Like “The Sixth Sense,” there is a mighty twist, only it happens about an hour in as opposed to the last five minutes. As such, “Inner Senses” is a movie of two halves, the first carried along by scare scenes and the burgeoning relationship between the two leads, the second by recycling the first half’s themes of repression, trauma and suicide, and amping up the stuff going bump in the night. Unfortunately, the latter represents the film at its weakest; “Inner Senses” has some creepy-effective moments early on and in the middle, as we wonder if Jim’s problems are purely psychological, the result of a fear of intimacy. But as soon as the horror gets more visceral, the movie just gets grosser and goofier. On the bright side, it culminates in what could be the most touching necrophilia scene ever committed to celluloid.

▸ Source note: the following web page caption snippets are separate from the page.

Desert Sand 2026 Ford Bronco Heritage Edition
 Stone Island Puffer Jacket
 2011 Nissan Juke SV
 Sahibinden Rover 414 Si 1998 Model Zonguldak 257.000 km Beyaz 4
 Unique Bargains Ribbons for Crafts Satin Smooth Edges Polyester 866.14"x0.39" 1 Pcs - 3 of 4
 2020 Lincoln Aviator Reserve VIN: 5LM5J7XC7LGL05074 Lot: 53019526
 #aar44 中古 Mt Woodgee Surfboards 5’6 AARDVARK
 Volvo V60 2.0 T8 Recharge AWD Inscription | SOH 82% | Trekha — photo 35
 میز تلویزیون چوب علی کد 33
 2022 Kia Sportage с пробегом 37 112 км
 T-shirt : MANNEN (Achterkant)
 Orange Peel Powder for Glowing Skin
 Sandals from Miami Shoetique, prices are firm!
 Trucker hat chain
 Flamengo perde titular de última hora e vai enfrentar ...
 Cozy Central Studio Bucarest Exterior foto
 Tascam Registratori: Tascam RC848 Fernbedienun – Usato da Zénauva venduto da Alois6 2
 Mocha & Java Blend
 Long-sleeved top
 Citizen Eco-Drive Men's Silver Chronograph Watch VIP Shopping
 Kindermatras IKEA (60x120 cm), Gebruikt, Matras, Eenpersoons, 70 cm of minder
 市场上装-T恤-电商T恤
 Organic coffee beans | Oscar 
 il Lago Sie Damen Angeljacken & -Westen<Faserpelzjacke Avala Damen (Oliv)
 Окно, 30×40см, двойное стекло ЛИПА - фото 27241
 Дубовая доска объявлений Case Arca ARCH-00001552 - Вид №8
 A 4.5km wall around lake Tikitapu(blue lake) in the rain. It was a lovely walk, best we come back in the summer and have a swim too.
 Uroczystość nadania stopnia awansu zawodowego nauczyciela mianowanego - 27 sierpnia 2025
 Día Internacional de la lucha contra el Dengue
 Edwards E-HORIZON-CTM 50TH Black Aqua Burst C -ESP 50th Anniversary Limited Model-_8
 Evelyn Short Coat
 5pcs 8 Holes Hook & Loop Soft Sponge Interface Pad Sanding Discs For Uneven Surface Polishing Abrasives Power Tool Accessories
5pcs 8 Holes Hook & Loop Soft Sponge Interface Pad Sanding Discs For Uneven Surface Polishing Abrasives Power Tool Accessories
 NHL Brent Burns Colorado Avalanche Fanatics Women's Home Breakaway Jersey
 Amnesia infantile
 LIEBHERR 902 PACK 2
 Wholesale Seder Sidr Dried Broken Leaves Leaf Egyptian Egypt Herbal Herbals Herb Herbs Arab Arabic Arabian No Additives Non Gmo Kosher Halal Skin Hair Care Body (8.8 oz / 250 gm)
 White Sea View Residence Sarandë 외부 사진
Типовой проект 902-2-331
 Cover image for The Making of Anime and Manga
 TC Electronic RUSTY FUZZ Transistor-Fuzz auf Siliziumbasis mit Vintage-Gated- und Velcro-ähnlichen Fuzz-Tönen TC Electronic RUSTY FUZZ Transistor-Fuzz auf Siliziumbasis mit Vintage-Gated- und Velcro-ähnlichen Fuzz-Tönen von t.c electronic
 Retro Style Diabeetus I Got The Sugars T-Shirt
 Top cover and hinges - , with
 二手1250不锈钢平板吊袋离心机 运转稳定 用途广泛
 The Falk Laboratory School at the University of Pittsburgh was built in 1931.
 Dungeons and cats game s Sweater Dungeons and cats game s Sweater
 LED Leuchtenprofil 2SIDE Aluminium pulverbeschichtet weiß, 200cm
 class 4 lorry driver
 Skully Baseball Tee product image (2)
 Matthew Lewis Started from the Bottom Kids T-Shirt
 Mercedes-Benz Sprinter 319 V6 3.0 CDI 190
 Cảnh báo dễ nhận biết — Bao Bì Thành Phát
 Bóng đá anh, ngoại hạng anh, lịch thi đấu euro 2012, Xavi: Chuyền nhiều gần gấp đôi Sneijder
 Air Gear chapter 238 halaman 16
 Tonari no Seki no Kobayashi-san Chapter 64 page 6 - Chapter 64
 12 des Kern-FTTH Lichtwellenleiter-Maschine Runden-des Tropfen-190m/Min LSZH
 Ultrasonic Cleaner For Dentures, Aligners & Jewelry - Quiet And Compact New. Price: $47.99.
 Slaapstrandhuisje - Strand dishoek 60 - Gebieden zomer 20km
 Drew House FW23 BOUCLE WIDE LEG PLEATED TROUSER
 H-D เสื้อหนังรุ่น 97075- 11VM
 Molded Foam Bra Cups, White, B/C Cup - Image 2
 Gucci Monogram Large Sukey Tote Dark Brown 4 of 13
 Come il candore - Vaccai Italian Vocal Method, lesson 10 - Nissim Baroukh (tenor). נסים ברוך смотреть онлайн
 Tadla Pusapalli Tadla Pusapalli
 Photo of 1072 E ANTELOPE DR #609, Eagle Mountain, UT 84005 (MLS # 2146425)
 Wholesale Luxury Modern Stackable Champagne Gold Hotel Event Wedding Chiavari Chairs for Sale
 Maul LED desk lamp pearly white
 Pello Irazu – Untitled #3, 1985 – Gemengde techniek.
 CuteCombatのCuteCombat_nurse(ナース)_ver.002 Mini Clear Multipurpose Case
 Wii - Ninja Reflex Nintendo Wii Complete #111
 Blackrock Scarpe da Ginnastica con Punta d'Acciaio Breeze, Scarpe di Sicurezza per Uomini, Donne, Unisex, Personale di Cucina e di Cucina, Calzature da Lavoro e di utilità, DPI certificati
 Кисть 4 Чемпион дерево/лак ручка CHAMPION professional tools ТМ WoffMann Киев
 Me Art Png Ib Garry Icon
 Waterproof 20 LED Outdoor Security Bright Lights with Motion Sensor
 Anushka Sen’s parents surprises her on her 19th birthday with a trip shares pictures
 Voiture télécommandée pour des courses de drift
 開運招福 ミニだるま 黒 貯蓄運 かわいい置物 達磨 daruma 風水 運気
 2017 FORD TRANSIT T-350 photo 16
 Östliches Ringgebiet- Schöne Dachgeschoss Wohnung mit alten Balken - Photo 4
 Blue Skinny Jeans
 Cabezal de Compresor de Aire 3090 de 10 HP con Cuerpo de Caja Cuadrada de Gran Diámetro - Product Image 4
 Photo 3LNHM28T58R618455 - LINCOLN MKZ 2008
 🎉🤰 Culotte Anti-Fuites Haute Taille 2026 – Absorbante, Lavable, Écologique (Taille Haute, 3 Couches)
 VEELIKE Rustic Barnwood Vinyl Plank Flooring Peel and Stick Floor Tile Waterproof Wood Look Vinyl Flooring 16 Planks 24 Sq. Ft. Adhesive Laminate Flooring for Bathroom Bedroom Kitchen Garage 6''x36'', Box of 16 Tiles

But at least the first half sets up enough clues that we don’t feel cheated once the twist kicks in. We also come to care about the protagonists; Kam and Cheung convey vulnerability well, and Cheung’s performance is particularly great, the actor practically embodying such qualities as intelligence, decency, and empathy. He also shows a wealth of versatility in scenes I won’t get give away, except to say they could be compared to Mickey Rourke in “Angel Heart,” which I mean as the highest compliment. It should be noted that “Inner Senses” was the last movie Cheung worked on before committing suicide, and watching him try to help someone with their personal demons seems highly ironic, knowing how he ultimately couldn’t outrun his own.